__YOUR INSTRUCTIONS__: The data below contains pictures, which are to be skipped; the lines starting at the line with "2025年热门爱上街借钱，整合五个无视征信黑白100%秒下软件" and ending at the line with "Dětské bavlněné šortky" are to be output exactly, both ends included.

__DATA FOR THE TASK__:
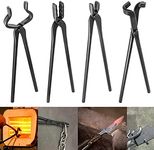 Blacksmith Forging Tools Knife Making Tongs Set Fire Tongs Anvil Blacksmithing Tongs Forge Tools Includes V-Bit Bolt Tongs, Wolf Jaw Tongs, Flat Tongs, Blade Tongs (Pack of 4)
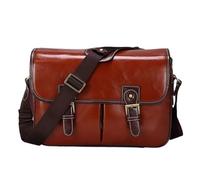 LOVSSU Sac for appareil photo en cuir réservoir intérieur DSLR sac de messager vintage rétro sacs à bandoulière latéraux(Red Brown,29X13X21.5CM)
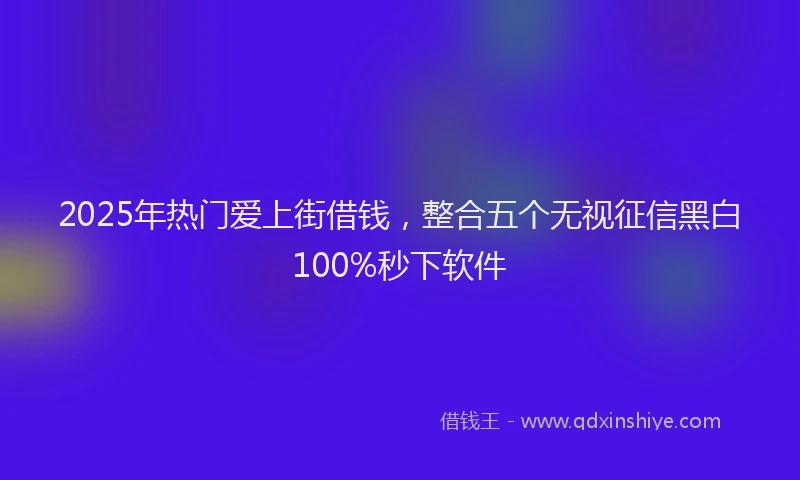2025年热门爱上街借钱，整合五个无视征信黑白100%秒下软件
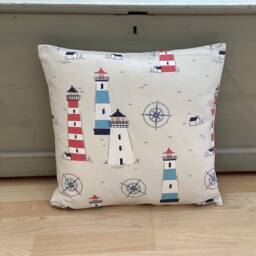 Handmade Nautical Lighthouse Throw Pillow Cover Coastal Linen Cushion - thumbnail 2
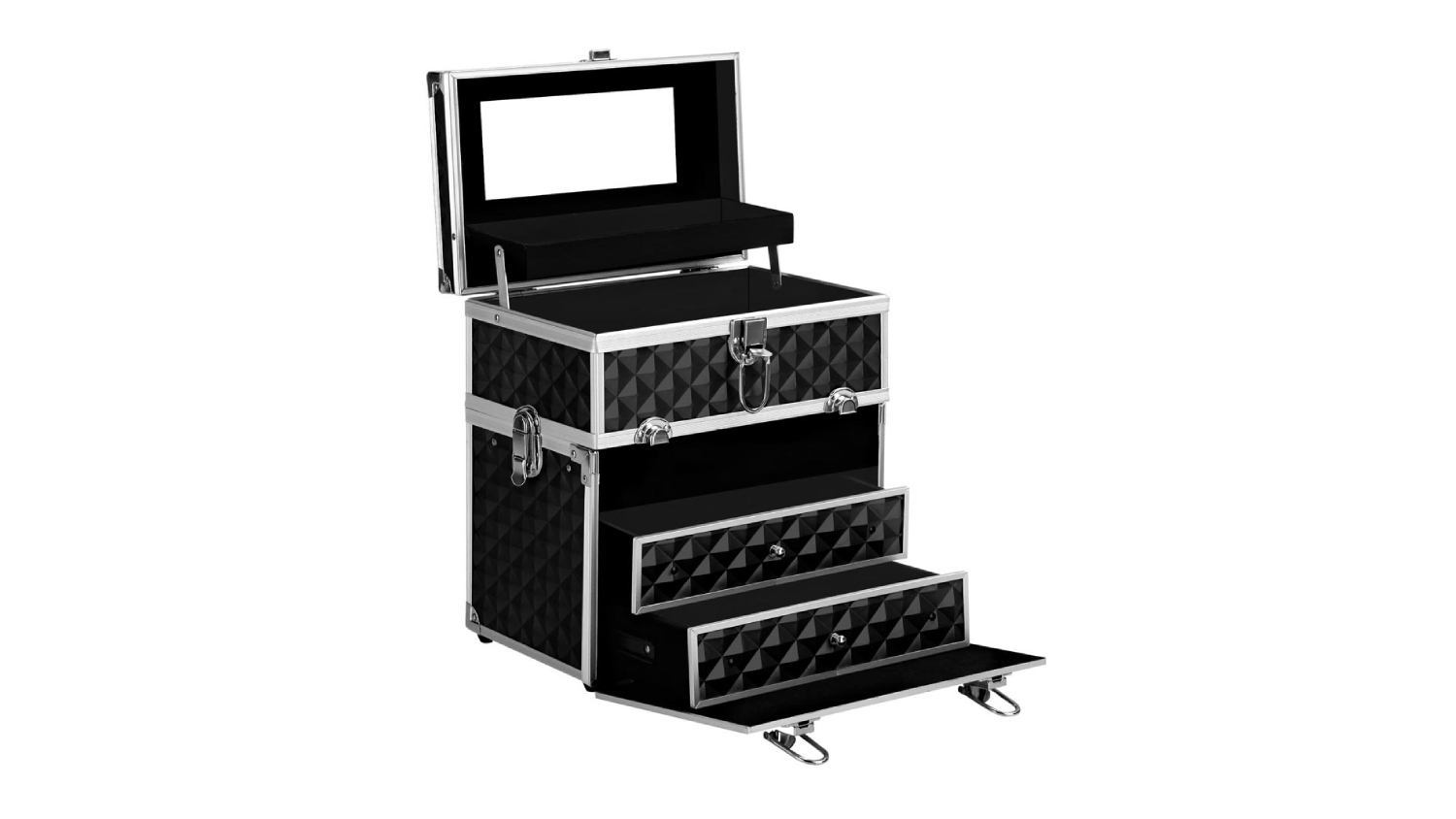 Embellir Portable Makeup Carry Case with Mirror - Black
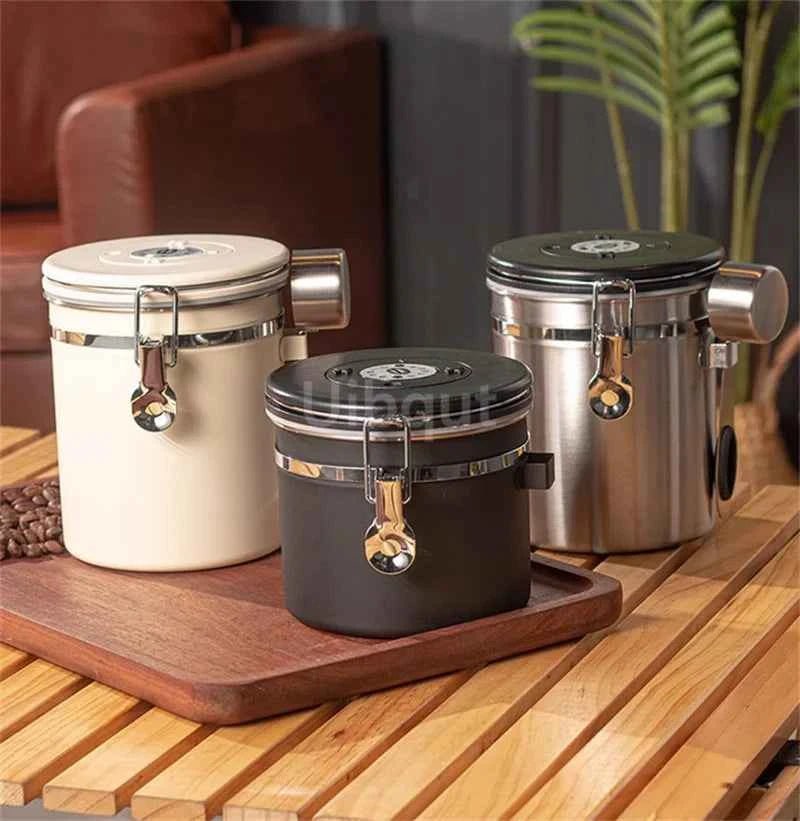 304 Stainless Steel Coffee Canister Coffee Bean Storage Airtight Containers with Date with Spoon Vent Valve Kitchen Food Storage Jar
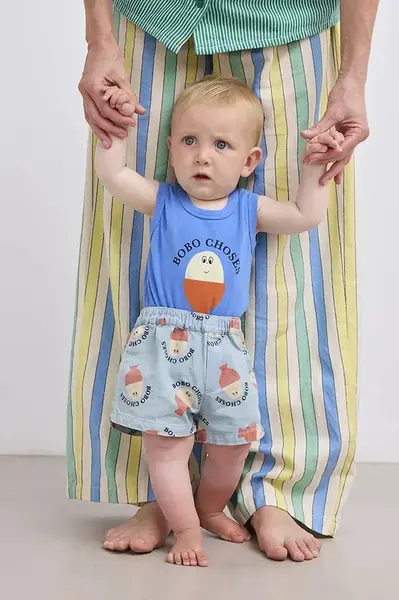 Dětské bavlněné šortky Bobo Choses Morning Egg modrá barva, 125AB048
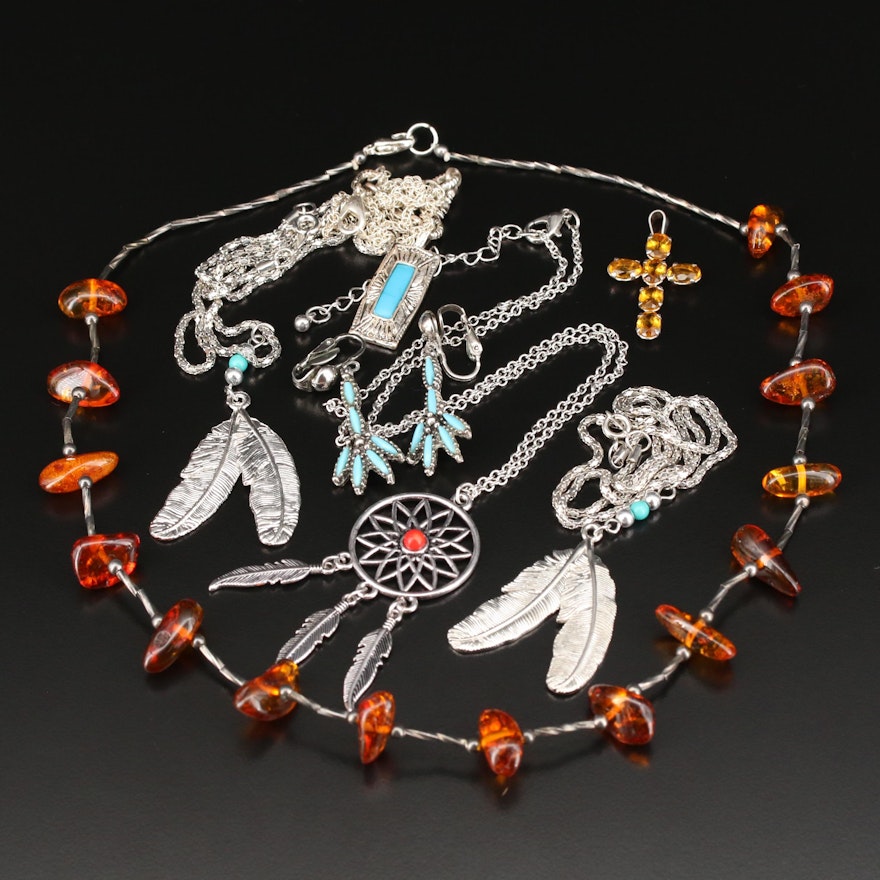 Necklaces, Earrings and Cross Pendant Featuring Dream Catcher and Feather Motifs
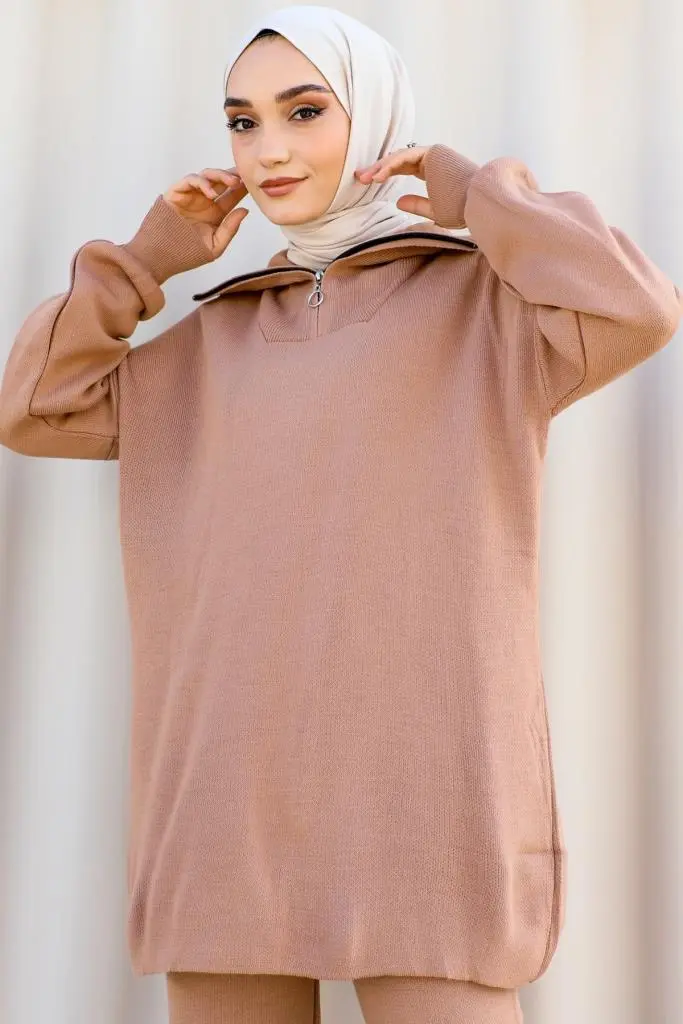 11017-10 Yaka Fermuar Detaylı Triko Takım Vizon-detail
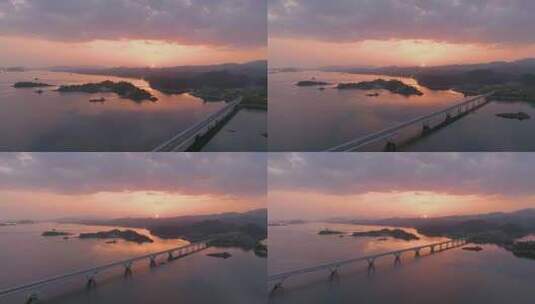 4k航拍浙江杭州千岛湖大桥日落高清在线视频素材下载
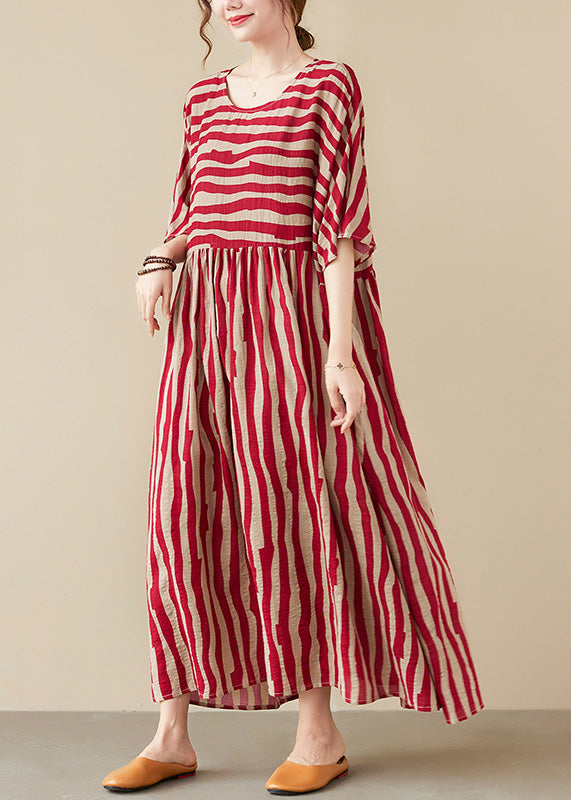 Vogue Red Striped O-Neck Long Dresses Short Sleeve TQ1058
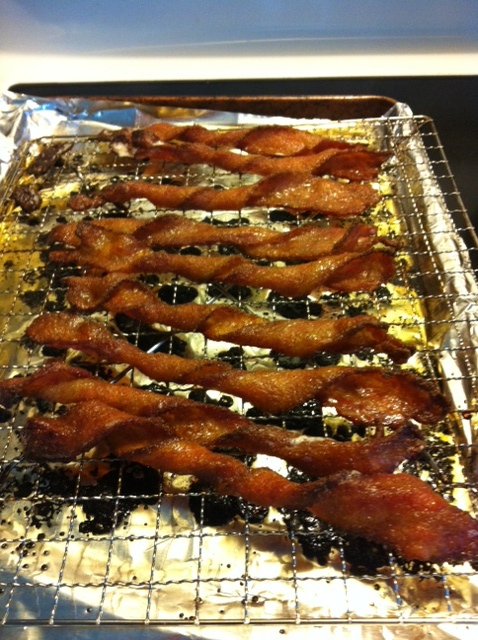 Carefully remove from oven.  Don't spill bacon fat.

__ANSWER TO THIS EXERCISE__:
2025年热门爱上街借钱，整合五个无视征信黑白100%秒下软件
 Handmade Nautical Lighthouse Throw Pillow Cover Coastal Linen Cushion - thumbnail 2
 Embellir Portable Makeup Carry Case with Mirror - Black
 304 Stainless Steel Coffee Canister Coffee Bean Storage Airtight Containers with Date with Spoon Vent Valve Kitchen Food Storage Jar
 Dětské bavlněné šortky Bobo Choses Morning Egg modrá barva, 125AB048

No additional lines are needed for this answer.